The appeal of bringing in AI as a quick win on existing systems can bring longer term issues
The insurance industry is driven by data, from underwriting to claims to pricing, as well as customer interactions, marketing and products. The exponential growth in the volume of structured and unstructured data available to insurers has meant that the historically slow-to-adapt sector has needed to make faster, more informed decisions and to operate more efficiently. The challenge so far has been how to harness the potential of all of that data to create a competitive, data-driven advantage and serve customers better.
Most insurers understand the transformative potential of AI and other big-data technologies and how it is now central to all financial services. However, few have real clarity on how to ensure its ethical use and who is responsible for these processes should things go wrong.
The Chartered Insurance Institute’s newly-released insurance, tech and data report looks at why and how regulatory requirements such as GDPR and developments across finance, technology and data impact the insurance sector and how this is viewed by consumers and SMEs. The insurance sector has longstanding “trust issues” and the industry has in the past raced towards using tech without first defining how to measure fairness and trust from a consumer perspective.

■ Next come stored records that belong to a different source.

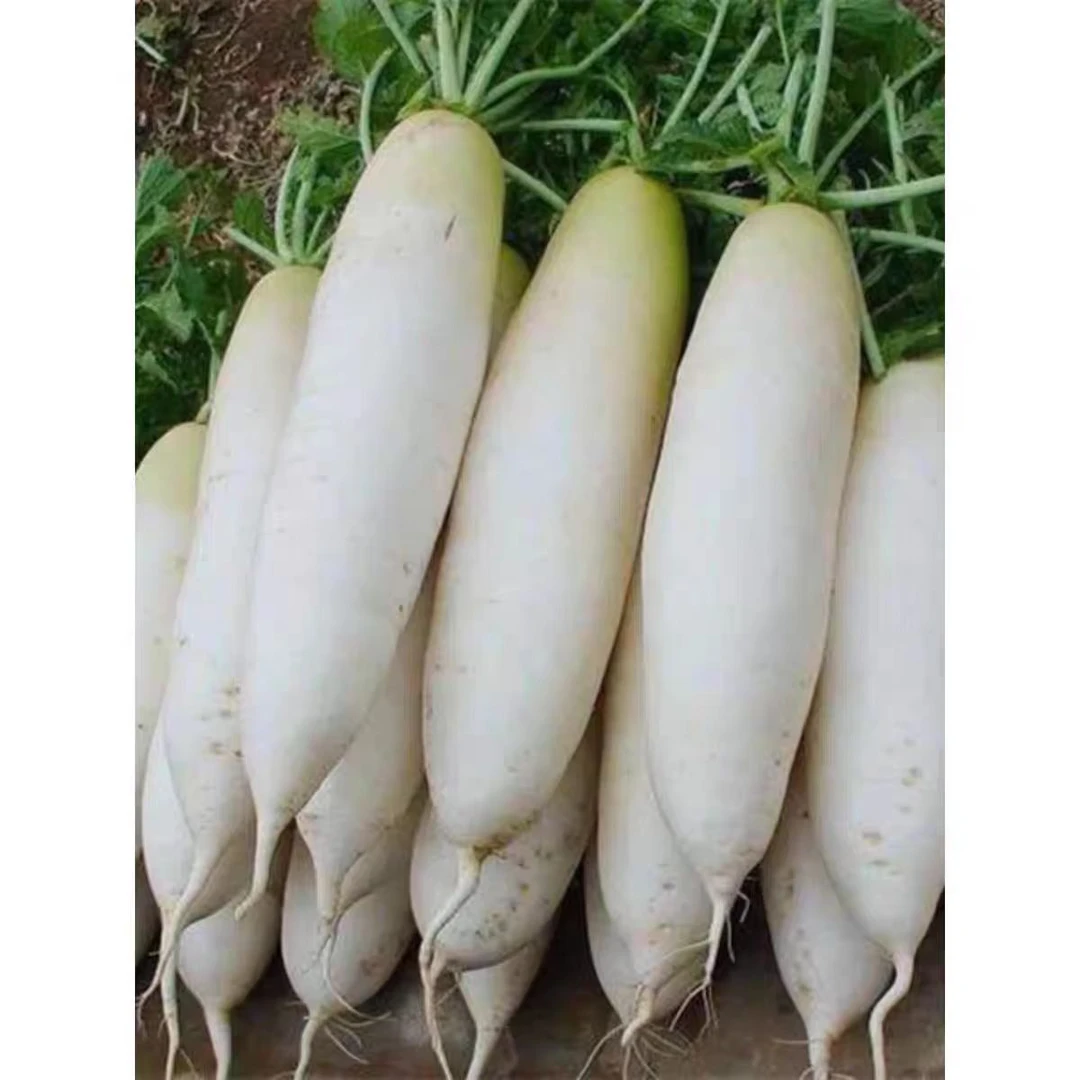 九斤王白萝卜种子春秋冬四季播种蔬菜籽种庭院大田种植长白萝卜孑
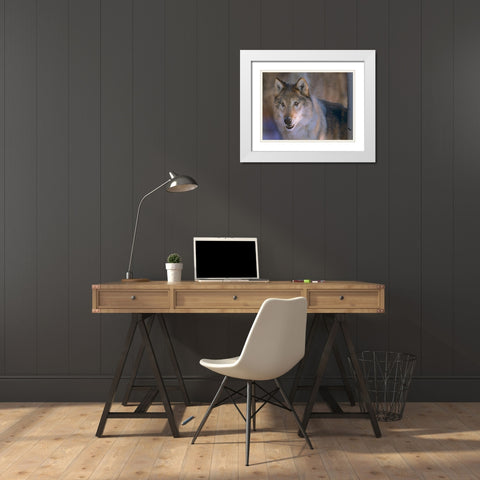 Gray wolf White Modern Wood Framed Art Print with Double Matting by Fitzharris, Tim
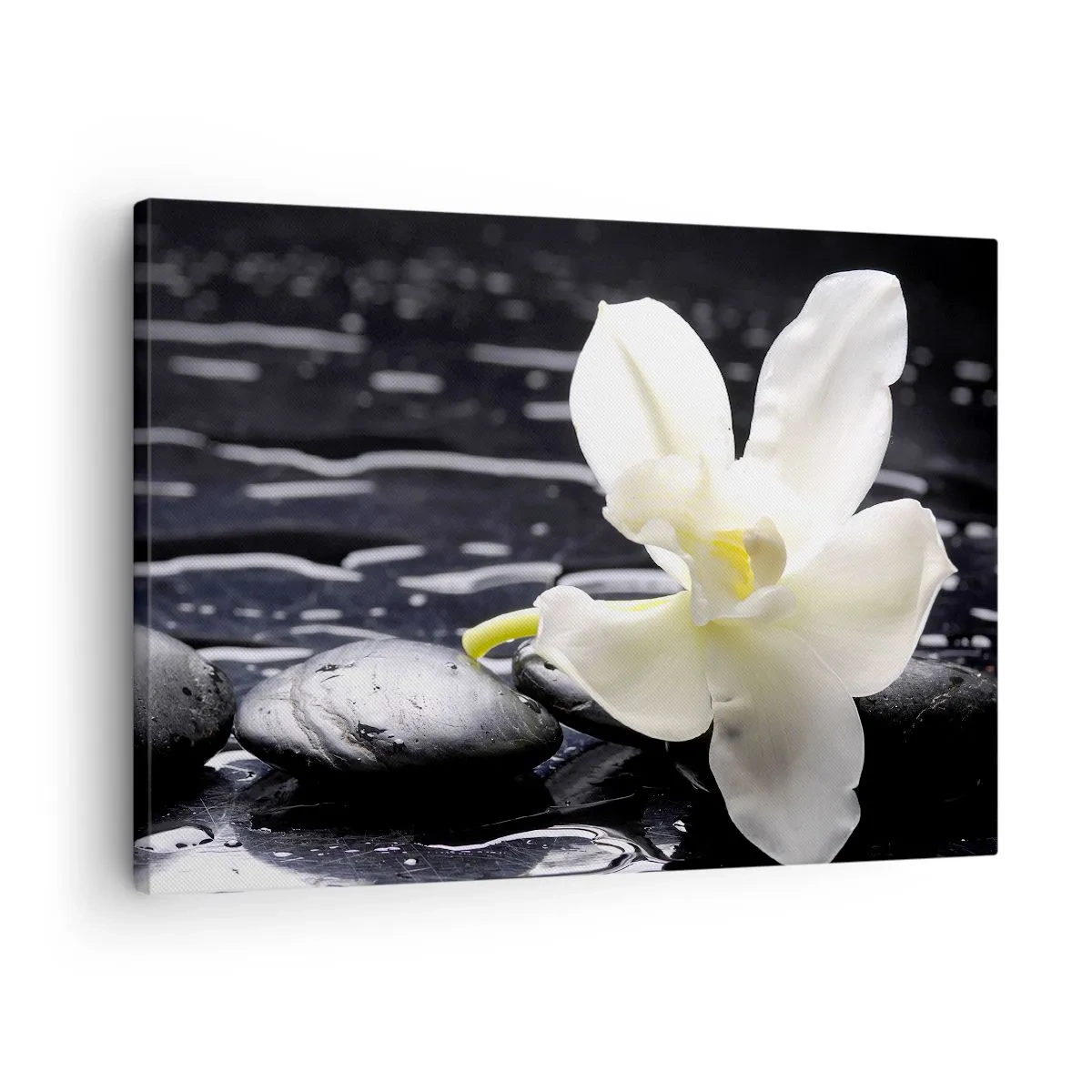 Obraz na plátne - Biela orchidea na pozadí čiernych kameňov a vody. - 70x50cm - Štúdia v čiernej a bielej - Moderná nástenná dekorácia do obývacej izby a spálne ARTTOR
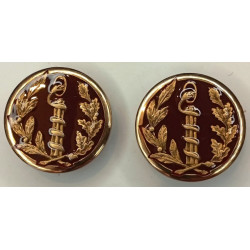 Paire d'insignes de col de TDF Chirurgiens Médecins du Service de Santé (Coi)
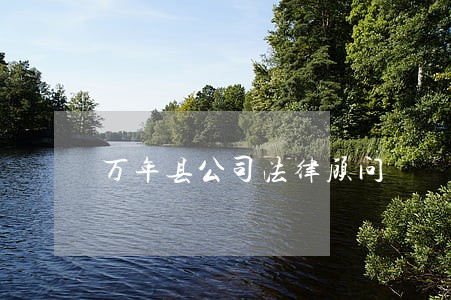 万年县公司法律顾问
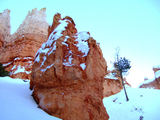2008_1229_171113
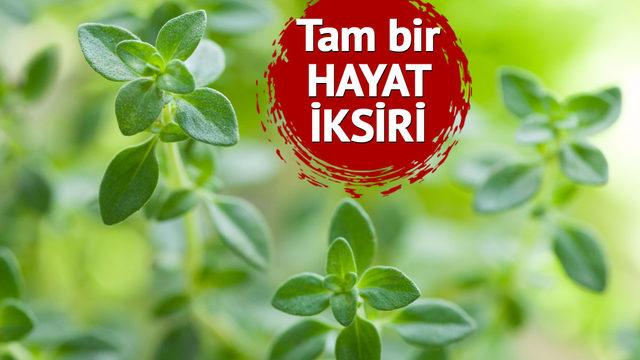 Eski Mısır ve Romalıların sağlık sırrı! Her hali şifa dağıtıyor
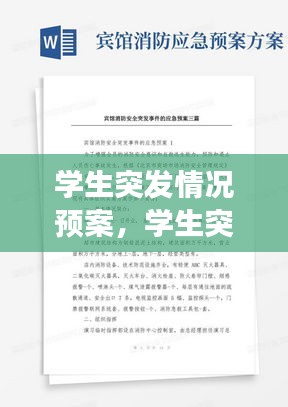 學(xué)生突發(fā)情況預(yù)案，學(xué)生突發(fā)事件應(yīng)對情況記錄內(nèi)容 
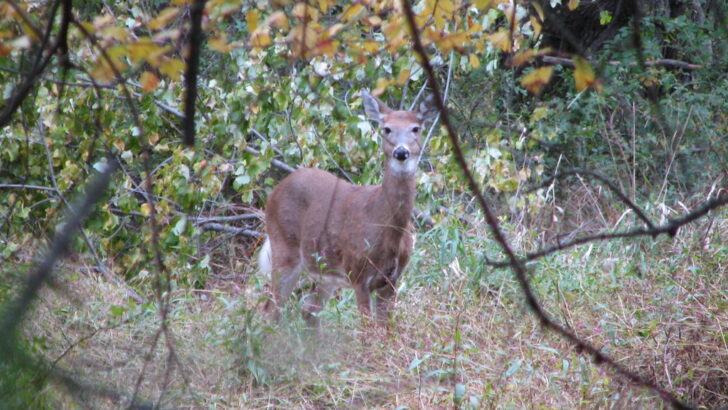 Lost Deer Captured in Osaka Settles into New Campground Life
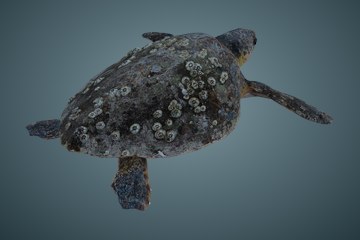 赤蠵龟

Without a coherent strategy of accountability for the governance of data and AI, the insurance sector puts itself and others at financial and reputational risk. In a highly challenging consumer landscape and the ongoing cost-of-living crisis, retailers simply cannot afford to lose customer trust.
The industry needs to be aware that despite the ream of positive news stories around AI and automation, the hype around customer-facing functions, like first notification of loss (FNOL) and fraud management may not live up to consumer reality. In a tech-enabled, value-led society If a consumer has a negative experience, trust is easily lost.

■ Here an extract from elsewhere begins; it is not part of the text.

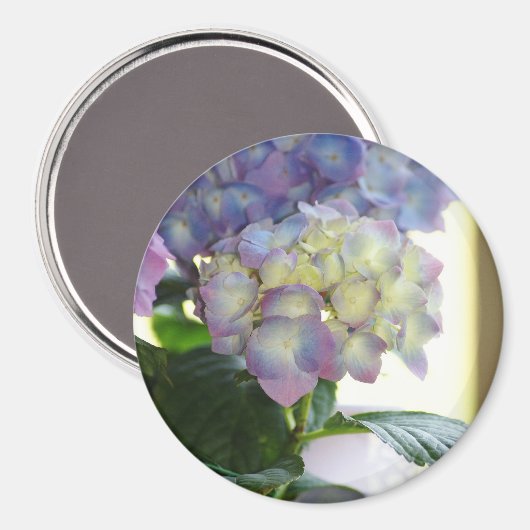 Hydrangea Blooms Magnet (Vorderseite/Rückseite)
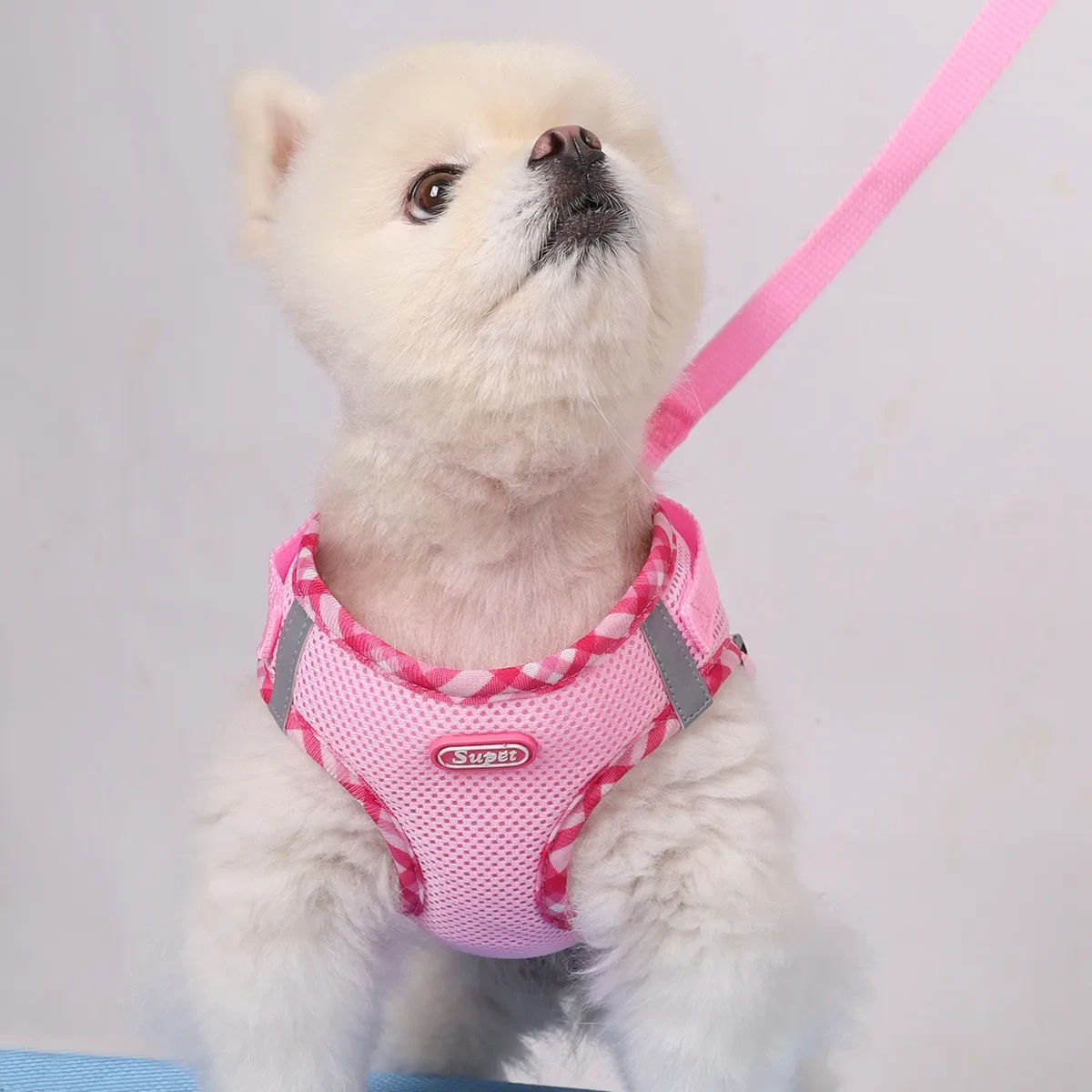 Small Pet Harness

For example, in May 2021, AI-powered insurance provider Lemonade, was forced to issue an apology after a series of social media posts described how they used AI to reject claims. Its AI used non-verbal cues (such as eye movements) to decide whether claims were fraudulent. Customers were also not made aware that their biometric data was being collected and used to determine the outcome of their claim or the decision-making process behind this. This resulted in backlash on social media, resulting in Lemonade’s deleting their posts.
This raises questions around how to ensure AI is used ethically and in ways that enhance rather than diminish trust and customer confidence. It is critical that insurers put in a framework for the ethical use of data and AI to assure customers that the data and algorithms used to make critical decisions are not biased or otherwise untrustworthy.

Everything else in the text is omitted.